On December 19th. 1944, Maj Arther C. Parker and the remains of his 589th. Artillery Battallion of the 106th. Infantry Division retreated to Crossroads (576853). The Germany Army had broken through their front lines on December 16. Major Parker thought this would be a good place to make a stand and make a stand he did. The Crossroads became famous for the very important defense. It denied the Germans of a gateway to Liege. It slowed them down for two days and when the enemy avoided the crossroads and circled around though trails to attack from the flank and rear, the US Forces had brought in reinforcements such as the75th. and 84th. Infantry Divisions. the 2 Armored Division, 509th. and 517th. Parachute Regiments from the 18th. Corp, and many artillery units. The Germans had nowhere to go. They fought in circles, in front and behind us but the fight fizzled out by the 25th. except the Manhay area.
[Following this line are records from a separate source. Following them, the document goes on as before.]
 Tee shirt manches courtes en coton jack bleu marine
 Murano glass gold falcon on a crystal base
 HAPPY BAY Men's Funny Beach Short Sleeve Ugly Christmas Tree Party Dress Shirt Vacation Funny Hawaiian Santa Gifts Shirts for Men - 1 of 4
     Years later when you mentioned the Battle of The Bulge, it was all about Bastogne. Bastogne did slow the Germans down for a day, but the real important battles were stopping the Germans from getting to Liege, by the 82nd.Paratroop Division, the 30th. Infantry Division, and the Third Armored Division. and the attached units. TF Lovelady played an important part in cutting Piper's column on the Northern Shoulder, and the defence of the crossroads started by Maj. Parker had an equal part in the history of the Ardennes. I have read many books about Parker's or Bar de Fraiture Crossroads and have not found any that mention the Third Armored Division being at the crossroads on December 23rd., 1944 when it was overran by the Germans. I have seen pictures of our knocked out tanks there. I knew we had several tanks there but I could not find any one who remember being there until I talked with Robert Bryan and Bertrand Close of I Company, 32nd. AR.
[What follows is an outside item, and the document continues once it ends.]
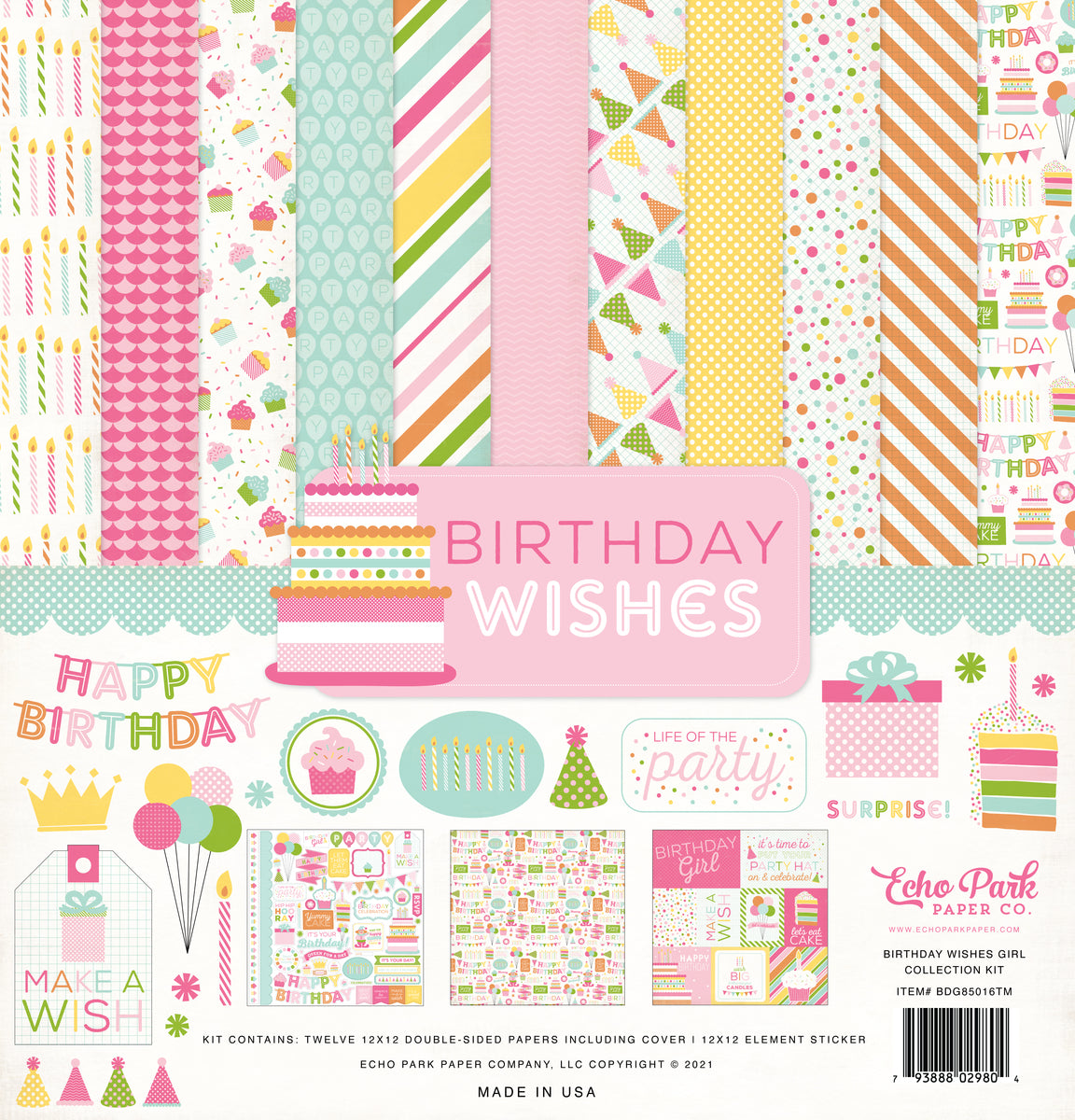 Birthday Wishes Girl - 12x12 collection kit with element stickers to celebrate girl's party - Echo Park Paper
     In December 1944 the Crossroads was known as Crossroads (576853) Thats what was read on the map. Later it was nicknamed Parkers Crossroads in honor of Arther C. Parker of the 106th. Infantry Division. Today it is called as it is named "Barque de Fraiture or Bar de Fraiture. Not far away lies the Village of Fraiture. I have been to the Crossroads almost a hundred times. I have done interviews and attended Banquets and ceremonies. I have stayed in Malenpre a month and two weeks at different times. I have stayed in Stavelot for another month. I have scowled the woods between Belle Hay and the Crossroads. I took an interest in it after visiting the belated Tom Shockley a Historian who fought nearby with the 82nd Airborne Division. Tom's goal was to find out about all the units who fought there.
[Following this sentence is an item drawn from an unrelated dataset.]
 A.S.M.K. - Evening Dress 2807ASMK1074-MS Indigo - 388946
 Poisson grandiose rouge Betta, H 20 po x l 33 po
He was stumped about the Third Armored Division's participation, as there were no After Reports from the 32nd. AR. He knew where all the 3 AD were except I Company. I joined him and attended some I Company mini reunions and talked with them. Most of them did not remember where they were. Most said they did not have any maps and followed the tank in front of them. We were asking if they were at the Barque de Fraiture or Parkers crossroads. A few years back I met and talked to Lt. Robert Bryan a platoon leader from I Co. He told me he did not know about the names of the Crossroads I mention but he was at the Crossroads South of Belle Hay and he was told to Hold at All Cost. He also said he lost all five tanks he had under his command defending the crossroads. He remembered fighting there with the 82nd. Airborne division. Major Olin Brewster confirmed this as he met Lt Bryan when He was making a reconnaissance toward the Crossroads. Mayor Brewster told me He had just passed the Belle Hay Crossroads when he saw Lt. Bryan walking toward him on the side of the road and Lt Bryan told him about losing all his five tanks and he was almost in the state of shock.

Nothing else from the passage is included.